Wildfire Videos and Photos

Fire is on the landscape of northern Utah.  The Rockport 5 fire sparked yesterday quickly grew into a beast that destroyed 13 homes.  

Wildfire behavior is strongly influenced by three components summarized in the Fire Triangle below: Fuels, Topography, and Weather.

Source: Southwest Environmental Research & Education
Here's a video of the a wildfire that started on Monday afternoon in the Avenues and was quickly put out by heroic fire fighters.  It pretty much shows all three of these components in action.  In particular, note how the flame front movement and intensity increase near the end of the video as the wind (i.e., weather) pushes the flame front into fresh grass (i.e., fuels).   Movement of the flame front down the hill (i.e., topography) probably resulted in a slower fire spread than if the flame front was moving uphill.  Video courtesy of John McMillen.

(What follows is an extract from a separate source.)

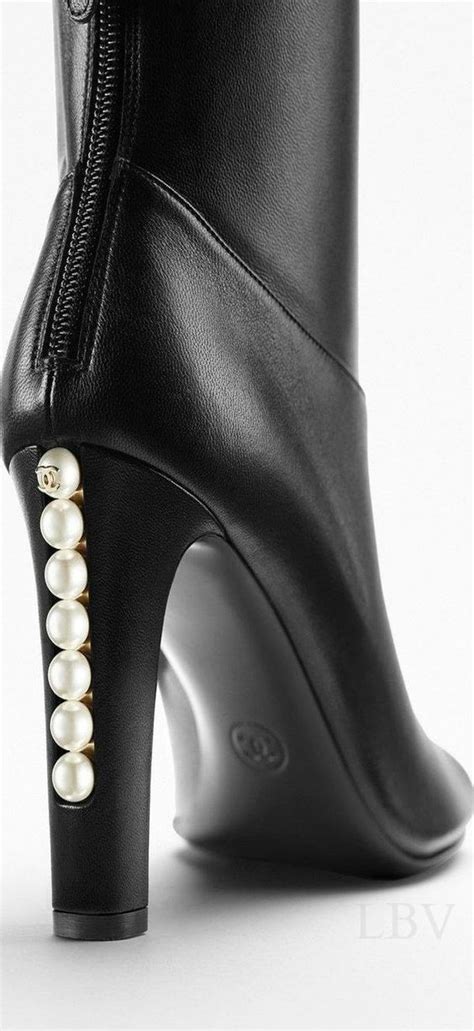 chanel boots with pearl heel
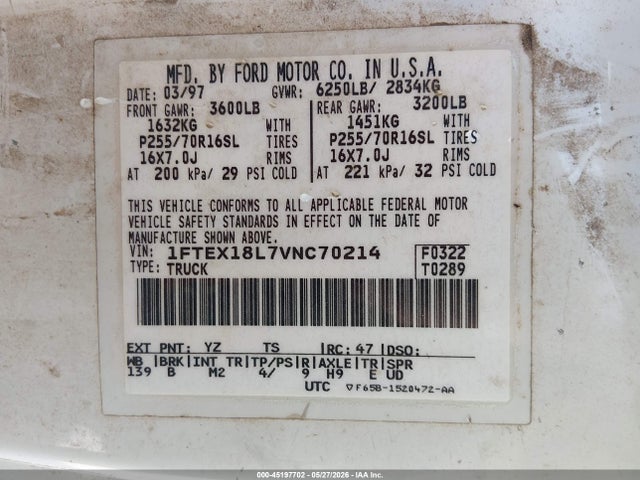 Продаж на аукціоні авто 1997 Ford F-150 Lariat/xl/xlt, vin: 1FTEX18L7VNC70214, номер лоту: 45197702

There are some remarkable photos of the Rockport 5 fire on the Salt Lake Tribune web site.  The one below is from Tribune Photography Steve Griffin, who has taken many remarkable weather related photos over the years.
Source: Steve Griffin/Salt Lake Tribune
The processes responsible for producing these whirls are similar to those that generate dust devils.  Strong surface heating, which can be quite intense during a fire, generates an updraft that stretches and concentrates rotation in the atmosphere in much the same way that an ice skater that stretches their body begins to spin faster.  The initial source of rotation can be vertical wind shear near the earth's surface, which gets tilted and stretched in the vertical by the updraft.  In the case of the Rockport 5 fire, horizontal wind shear generated by flow interaction with topography could have played a role.  Fire whirls are believed capable of producing winds comparable to those found in EF0 or EF1 tornadoes (EF here standing for the Enhanced Fujita Scale for Tornado Damage).